How AI has the potential to fundamentally change healthcare: PhUSE
I just returned from an event in Hoboken where PhuSE brought organizations together to explore a hot topic that's being discussed in our industry: Artificial Intelligence (AI) and the Transformation of Healthcare.
A number of presenters from academia, health care, and consulting and pharmaceutical/biomedical companies described their innovative implementations of AI to unlock data and answers in life science settings through analysis of Real World Data (RWD) and Real World Evidence (RWE). d-Wise follows such cutting edge technology vigilantly as this is directly in line with our mission is to create innovative solutions that connect, accelerate, and customize enterprise technologies within life sciences development. Our key takeaways from these presentations were the following:
The applications and data sources for AI technology in our life science industry are many and far ranging. Among the applications described were:
- Automating literature review based on selected journal articles
- Matching patients to clinical trials based on the ClinTrials.gov database
- Development and use of a predictive model for disease diagnosis based on Electronic Health Record (EHR)
- Classification of patient subgroups/phenotypes based on coupling claims data with EHR
The methodologies underpinning the use of Machine Learning (ML) and in applicable cases Natural Language Processing (NLP) are similar across most of these applications. An area of particular focus for all presenters was in exploring the refinement of those methodologies for faster and more accurate results.
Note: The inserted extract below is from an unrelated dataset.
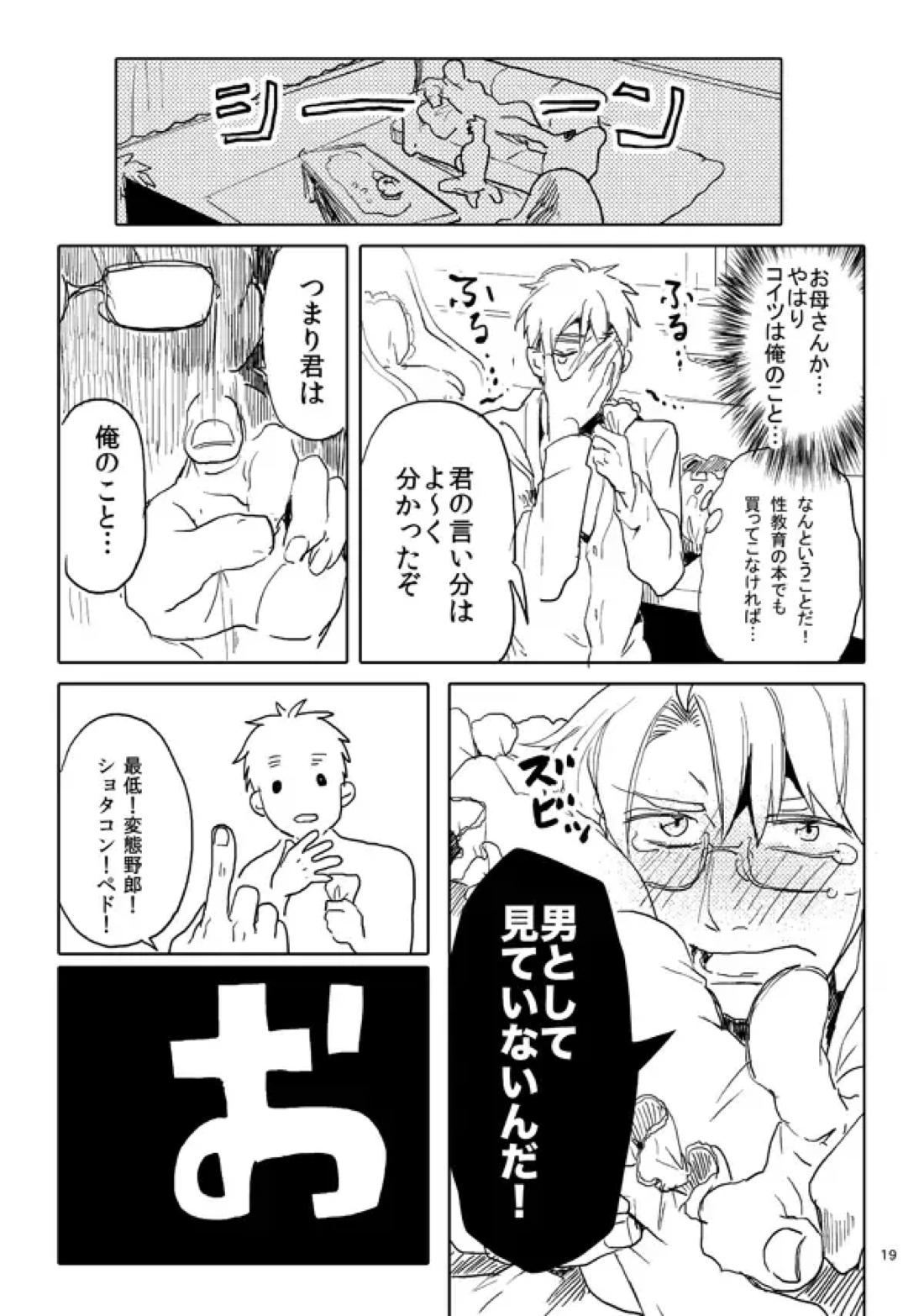 男として 17ページ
One presenter explained how the Julia language, which is capable of performing ML and can run Python and R, has processing speeds far faster than Python, R, or SAS.
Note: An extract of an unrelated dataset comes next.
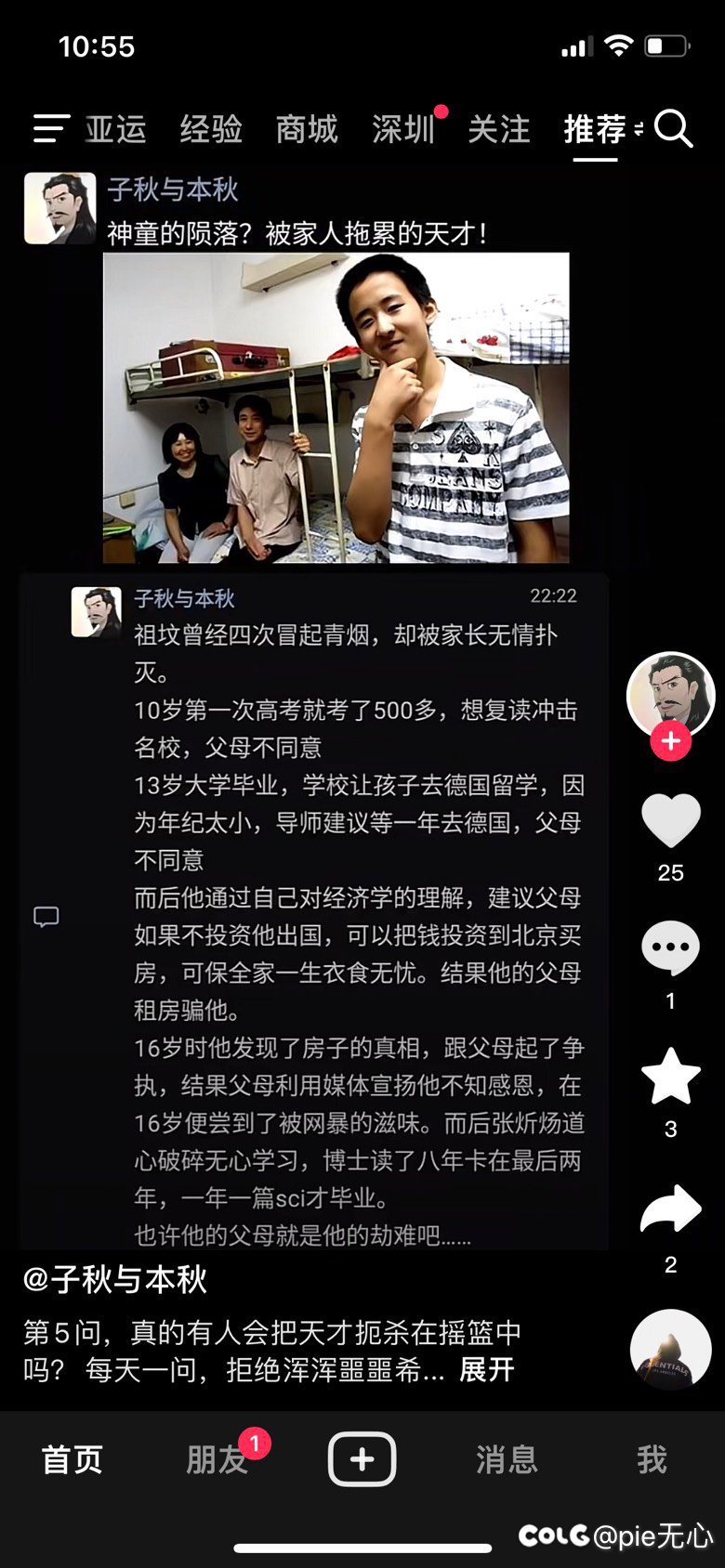 人终会因年少不可得之物 困其一生1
Also common across the applications described were the following challenges:
- Identifying and gaining access to the right data to use
- The availability of linked databases
- Understanding the data – clinical meaning, structure, assumptions, relationships, etc.
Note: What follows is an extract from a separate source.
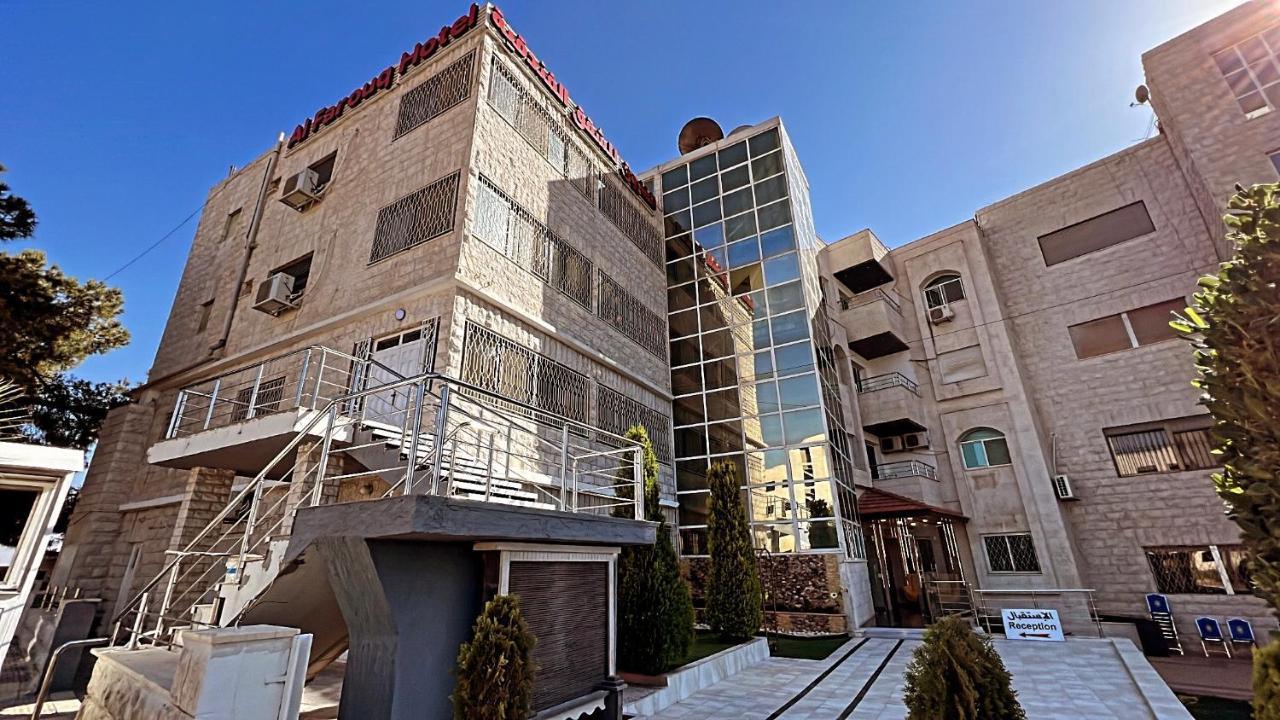 Al Farooq Hotel Apartments Ammán Exteriér fotografie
- Overfitting of the data due to small sample size
- A need to incorporate greater context of isolated pieces of data
All presenters agreed that implementing AI technology within a company will widen even more the divide between those with specialized technical expertise and those with business/clinical knowledge. The key to success will be learning to understand each other. Regardless of which side your skills lean, attending presentations like these will go far to enhance your understanding of the other side. I'm looking forward to the next PhUSE event!